Why does the warrior historian continue to explore a hellscape that is going to fade into nothingness? Why do they care for the disappearing history of a doomed world? Their knowledge is soon to fade, with their death and the destruction of their records. Their pursuit of it almost certainly will hasten their death.
So why?
Because they believe it worth doing. They believe it is the best way to spend what time they have left. And that conjures a titanic strength of character, that they haven’t simply laid down and waited for the end.
Perhaps continuing their pursuit soothes them. Maybe they secretly (and foolishly) hope to find an answer to the ruin that besets the world. Do they think that the best use of their time is to learn the stories of past, honouring what the world was and not fearing what it will become? Or maybe they are working for a demon who would hurt them in ways they don’t dare consider if they drop the ball.
That makes for a fascinating characters with ironclad motives and conflicts.
Wrap up
It’s not for everyone, but I think there’s a misconception that grimdark is without stakes or that it’s only ever bathing in misery for funsies. For some of us at least, it’s a unique field of play to explore the human condition. If that sounds cool to you, check out Inkvein, it’s going to be full of miserable goodness.






Grimdark is my blood type, so I don't need anyone to defend it, but I love your perspective of characters surviving within it because the act itself gives them purpose.
I also tend to think of grimdark characters as surviving despite, in defiance of, the world around them. It's all falling into the Eye of Terror, but we're not going to make it easy for them, goddamn it. Cadia Stands.
There may not be hope in that, but there's humanity and courage.
Interesting post!
Grimdark really brings the focus on the party and what the party does with its limited resources. In my view, Grimdark encompasses a time in the world between two eras of peace and goodness, to put it in black and white terms.

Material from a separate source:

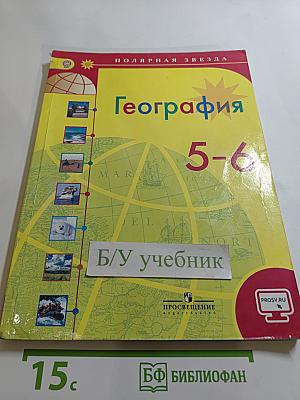 География 5-6 классы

It is neither pre-collapse nor post-collapse. Corruption and degeneration have set into all things that have accumulated power, not only the evil cult or the savage monster tribes, but all things. In classic D&D, it could mean that the Church of Law has become desolate, where its dogma has become more important than upholding Law, which drives people to find comfort in Chaos. So cities are filled with squalor, smugglers, bandits and outlaws are a normal functioning part of society, and no higher authority can make any positive difference. People are trying to ride out the storm.
That at least makes Grimdark for me so interesting, it is not that the PCs can't make a difference, but more or less that even if they can stabilise a little bit of the world. The wider world is still moving on a downward trend until it can recover.